Merana perceives the threat to Rand to be sufficiently great that she disobeys his orders, which she should only be able to do if the need to serve him by keeping him alive clearly outweighs the need to stand in the corner. She knows what Rand is capable of and still sees Cadsuane as a threat to him. The immediacy of the danger is disorienting to the reader.
Having established that Cadsuane is a match for Rand and his Asha’man, we are also shown that she is completely calm and in control of the situation. The male channelers hold no fear for her, since she has been hunting male channelers so long she has captured more of them than any handful of Red Ajah combined. We soon learn from her own point of view that centuries have passed since she last encountered a task she could not perform.  No, the Asha’man truly do not worry her. She is probably the most powerful woman in the world in terms of ability and rank, and only her respect for an Amyrlin might make her follow that woman. She’s rumoured to have publicly disagreed with even Amyrlins on occasion.

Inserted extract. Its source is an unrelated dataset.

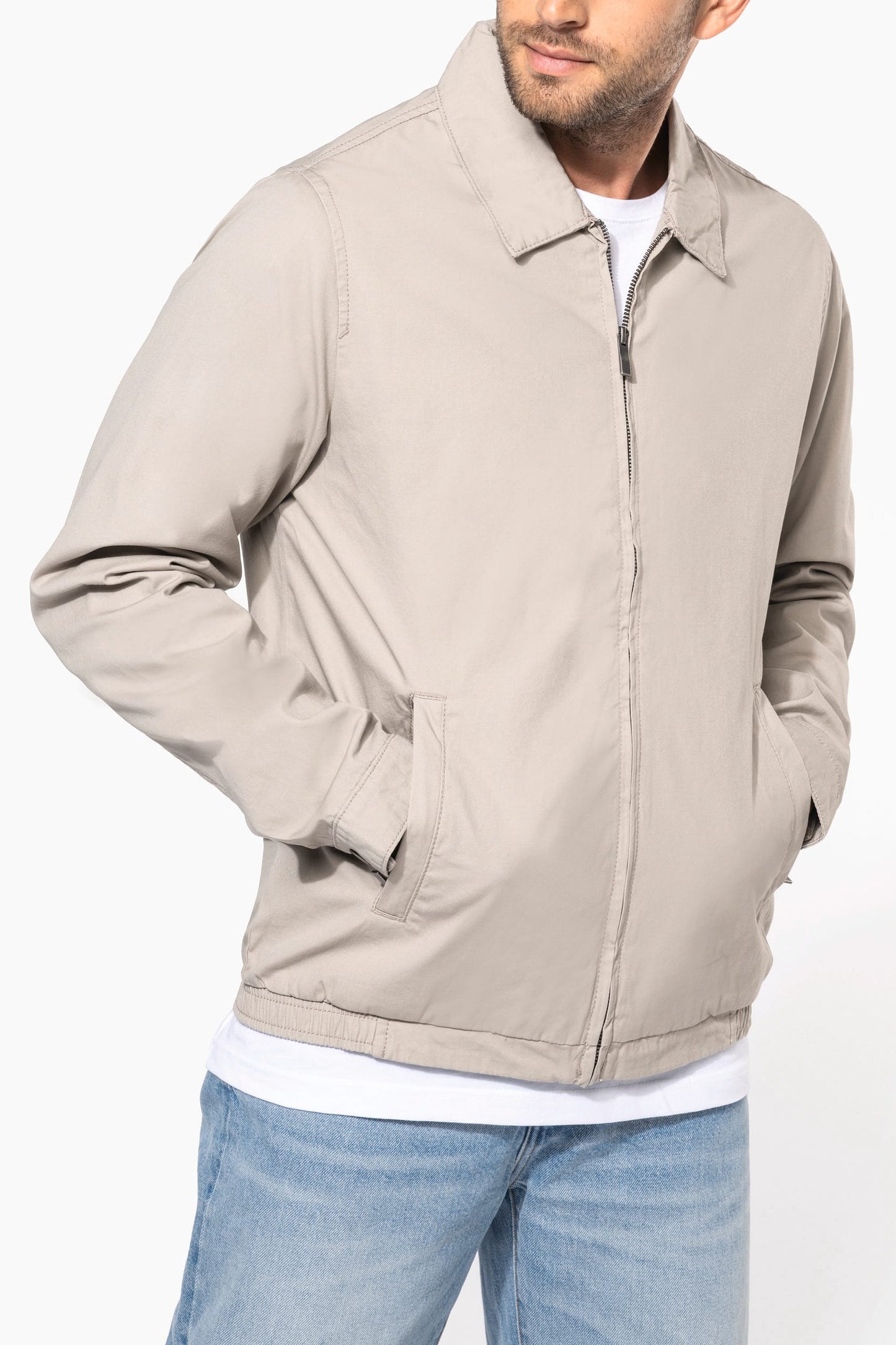 K623 - Giacca Harrington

She refers to the vileness after the Aiel War – the context infers it is probably the illegal gentling of men by the Red Ajah that has been hidden for twenty years. Alviarin and Elaida discussed this topic in the prologue. This and a few other clues tell us that Cadsuane has a moderate respect for the law, but she would toss aside law and custom to get what she wants.

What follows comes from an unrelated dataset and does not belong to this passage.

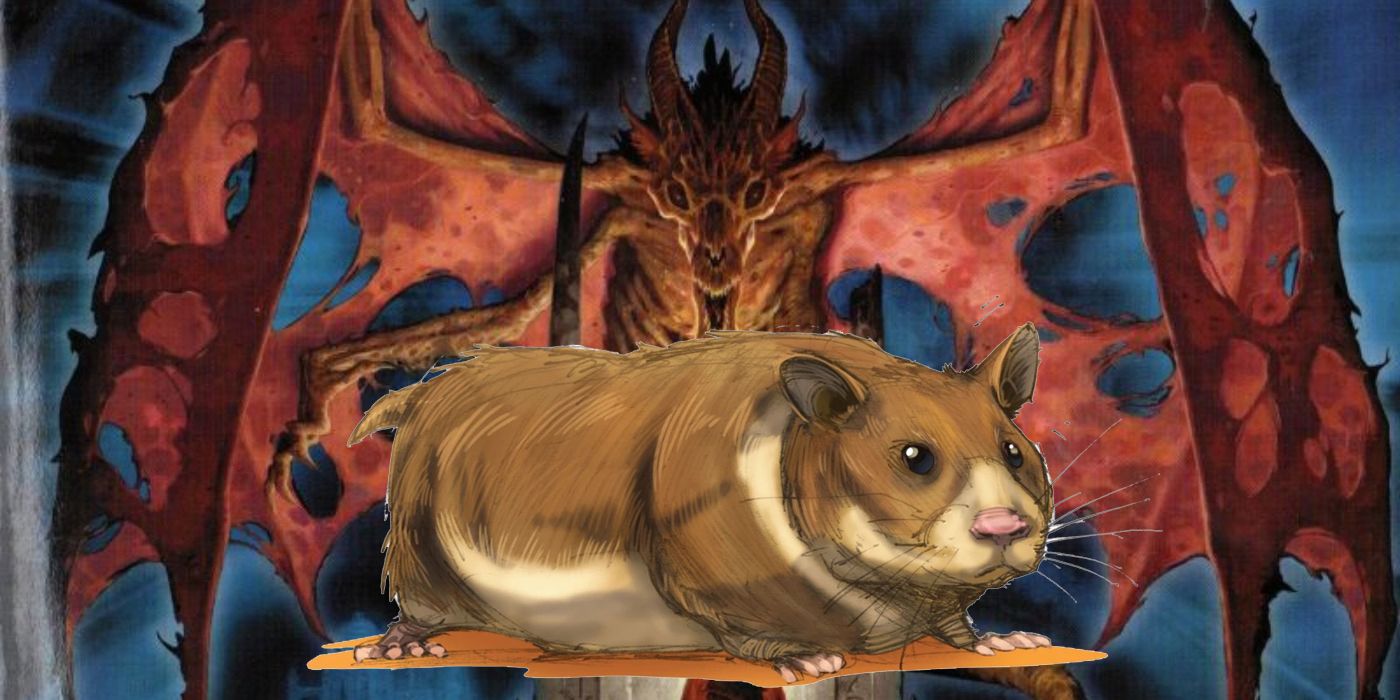 Dungeons Dragons Pool of Radiance Hamster Cover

What she wants is to stop him from being influenced or upset in the wrong way, the epitome of which was Elaida’s kidnapping attempt. This is the first overt discussion of Rand’s mood and mindset as a plot point, although Egwene has made reference to it as well. Once again, the physical obstacles of Tarmon Gai’don have become less important than the personality and character-related obstacles, and the true battlefield will be fought over Rand’s heart.
Elsewhere, Sevanna has realized she can’t get at Rand without help. What the Aes Sedai cannot provide, Sammael might. Sammael is playing a trick on the Shaido, and they are falling for it. Sammael is playing a trick on Graendal, and she has fallen for it. This trickery was a theme for Lord of Chaos, and the theme of this book –the relationships between leaders and followers- somewhat overlaps with it. The unresolved plotlines of Lord of Chaos make these two books halves of a whole.
A second mystery character shows up. Like Cadsuane, this watcher in the woods seems to be more powerful than his counterparts among the Forsaken, having abilities beyond even theirs. He fears a pair of Forsaken no more than Cadsuane feared the Asha’man. Because Cadsuane has already made her appearance, the watcher’s sudden arrival seems less disruptive and more natural. This despite the fact that there has been no prior indication of a new super-villain walking the world. Shaidar Haran was as close as it came. The resurrection of dead villains is a fine trick for the Dark One to play on his enemies, touching on the twin themes of trickery and the question of who the leader really is.
Writing Lessons:
Prepare the reader when you are introducing major new characters who will figure prominently, unless you have a good reason not to.

Friday, 8 June 2012

A Crown of Swords - Chapters 14-17

In this section, all the players are introduced in Ebou Dar
Throughout the Ebou Dar sections, there are a number of players: Mat, Elayne, Nynaeve, Thom, Juilin, Olver, Nalesean, Vanin, Aviendha, Merilille, Sareitha, Careane, Adeleas, Vandene, Joline, Teslyn, Tylin, Beslan, Setalle, Jaichim, Shiaine, Old Cully, Sammael, Falion, Ispan, Nesta, Malin, Dorile and a gholam. These players move about interacting with each other to bring the search for the Bowl of the Winds to its conclusion.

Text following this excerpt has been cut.